Top of Supplied records

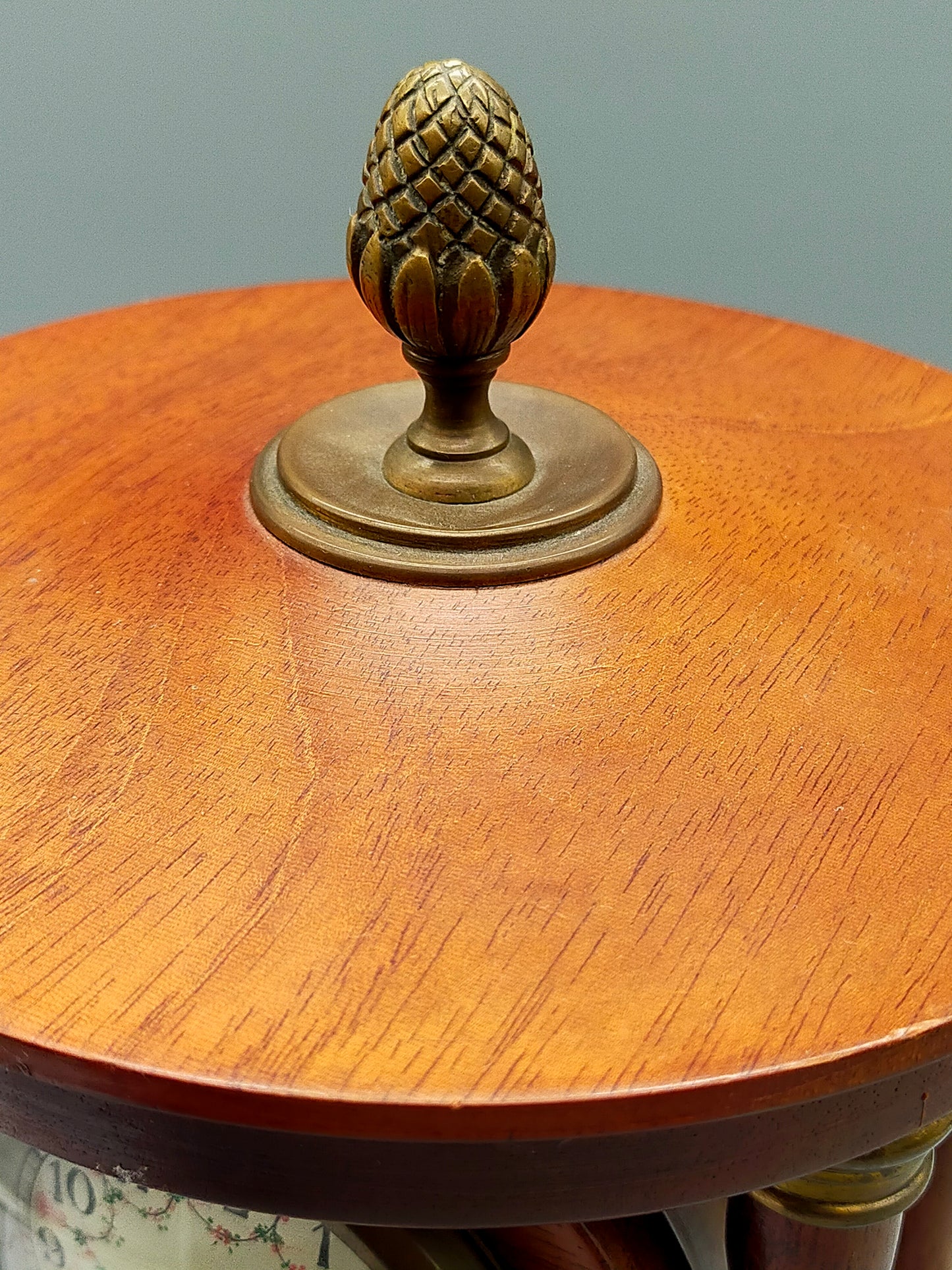 Klassische Antik-Stil Tisch Uhr – Elegantes Holzgehäuse mit Säulen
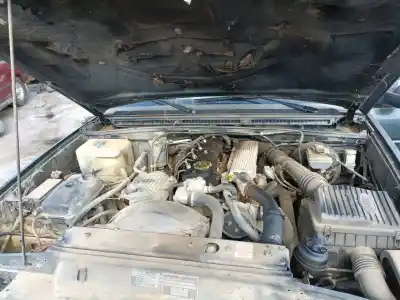 Здавання транспортного засобу land rover discovery iv (l319) 5.0 v8 4x4 року 1996 потужний 18l
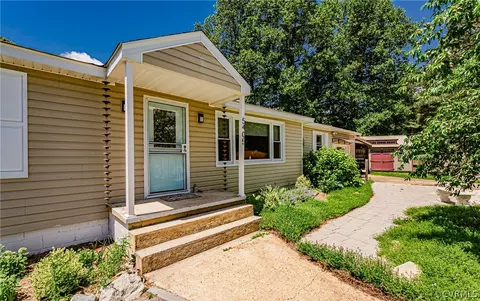 5405 Birch Rd, Quinton, VA 23141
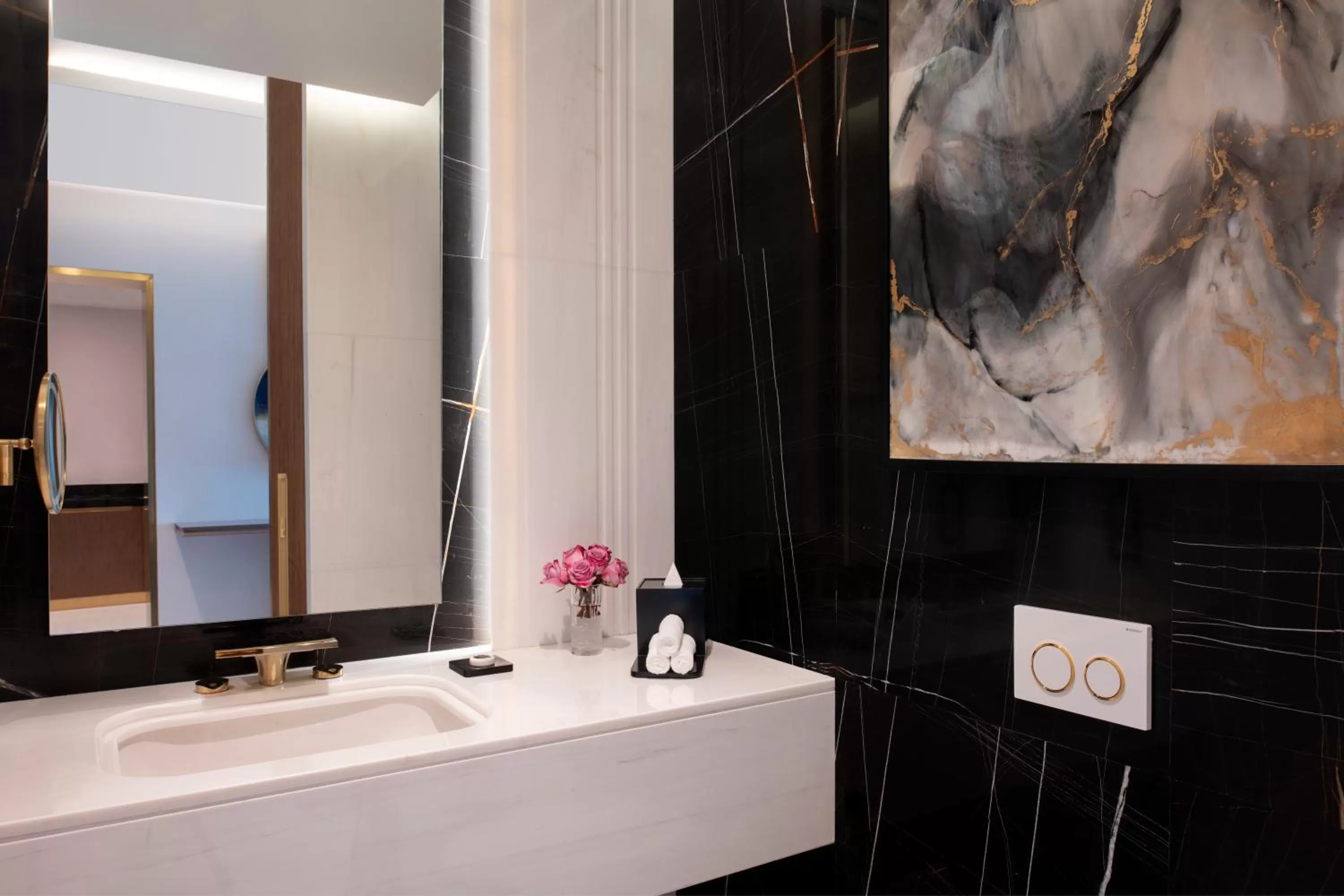 Bathroom in Steigenberger Hotel Doha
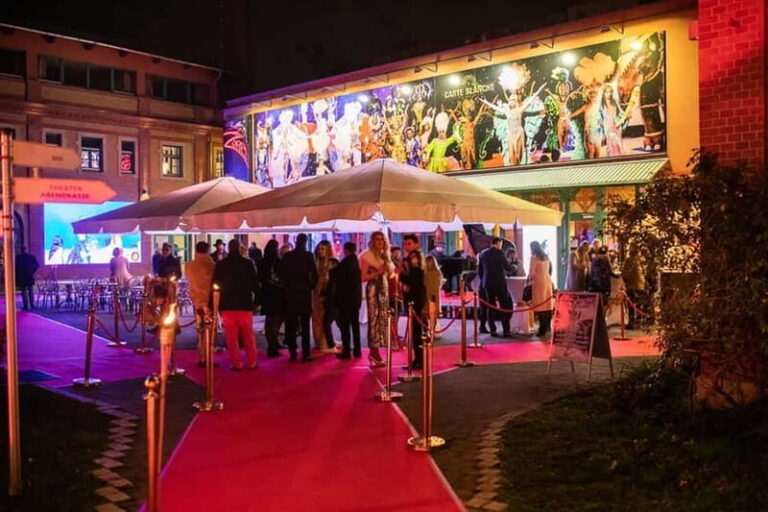 Dresden: Entrance Ticket for Travesty Revue Show - The Practical Details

Bottom of Supplied records

▶ _Try it_
An exact copy of the entries, minus the pictures, is what's needed here.

▶ _Solved exercise_
 Klassische Antik-Stil Tisch Uhr – Elegantes Holzgehäuse mit Säulen
 Здавання транспортного засобу land rover discovery iv (l319) 5.0 v8 4x4 року 1996 потужний 18l
 5405 Birch Rd, Quinton, VA 23141
 Bathroom in Steigenberger Hotel Doha
 Dresden: Entrance Ticket for Travesty Revue Show - The Practical Details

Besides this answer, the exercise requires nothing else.